▶ About this task: From the listing below, copy only the lines from the line that contains "Long Range Drone" to the line that contains "Leland Trout Magnet", counting those two lines as part of the copy.

▶ Records to process:
=== Section Start ===

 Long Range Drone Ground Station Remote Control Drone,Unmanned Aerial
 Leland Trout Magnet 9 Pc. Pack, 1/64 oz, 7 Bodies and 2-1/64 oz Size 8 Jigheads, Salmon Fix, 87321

=== Section End ===
=== Section Start ===

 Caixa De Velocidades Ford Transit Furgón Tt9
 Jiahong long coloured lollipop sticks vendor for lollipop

=== Section End ===
=== Section Start ===

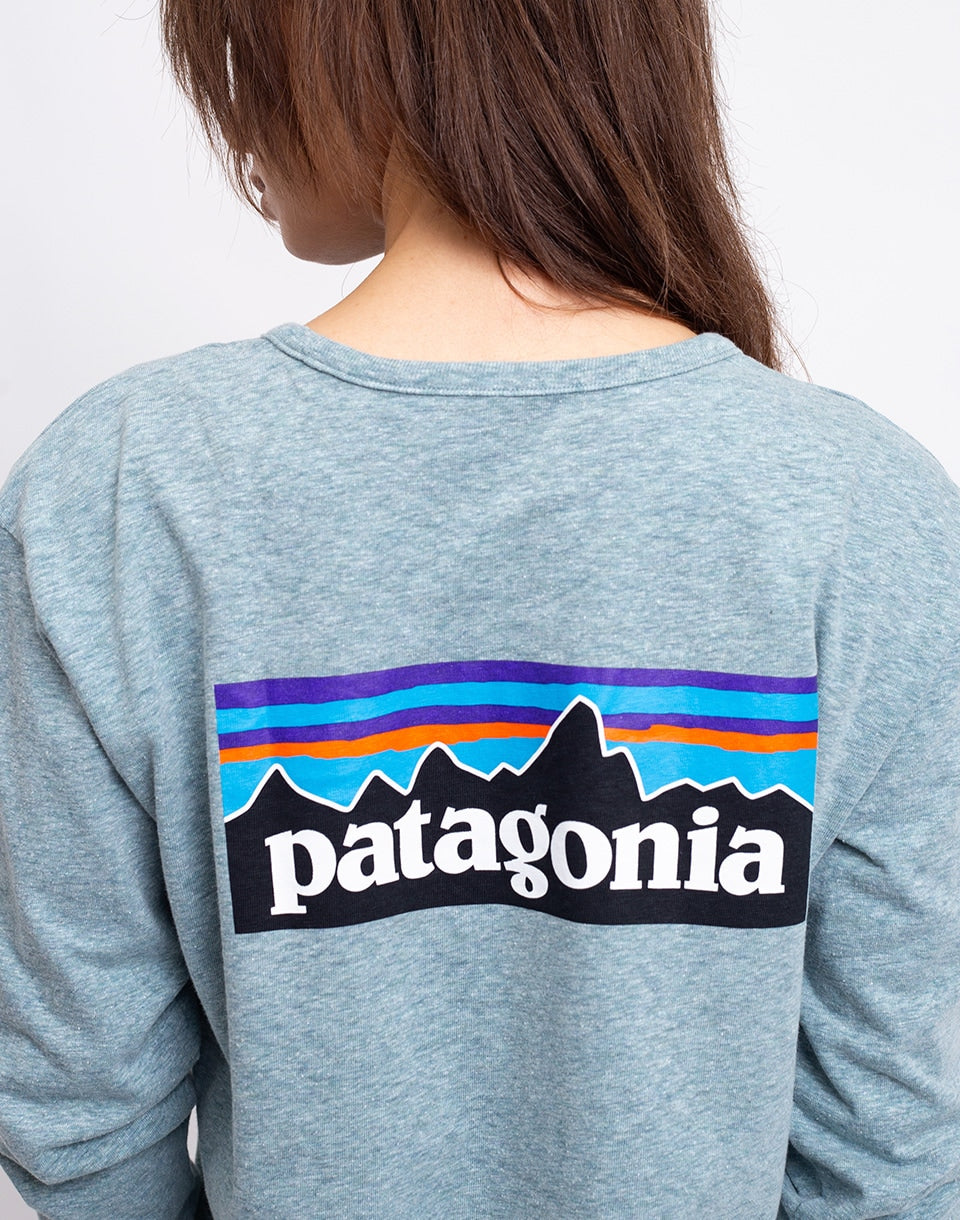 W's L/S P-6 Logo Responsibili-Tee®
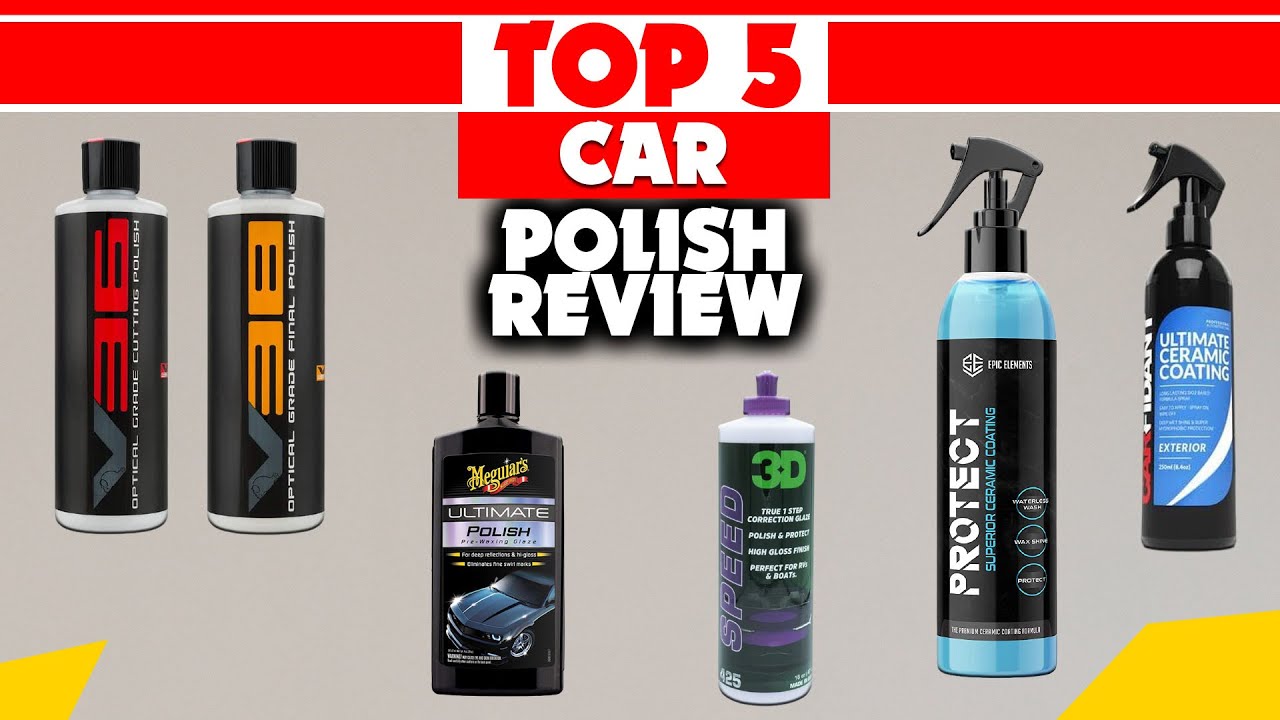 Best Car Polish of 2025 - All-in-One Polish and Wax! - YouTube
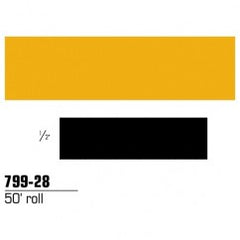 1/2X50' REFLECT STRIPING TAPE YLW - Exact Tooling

=== Section End ===

▶ Exercise solution:
 Long Range Drone Ground Station Remote Control Drone,Unmanned Aerial
 Leland Trout Magnet 9 Pc. Pack, 1/64 oz, 7 Bodies and 2-1/64 oz Size 8 Jigheads, Salmon Fix, 87321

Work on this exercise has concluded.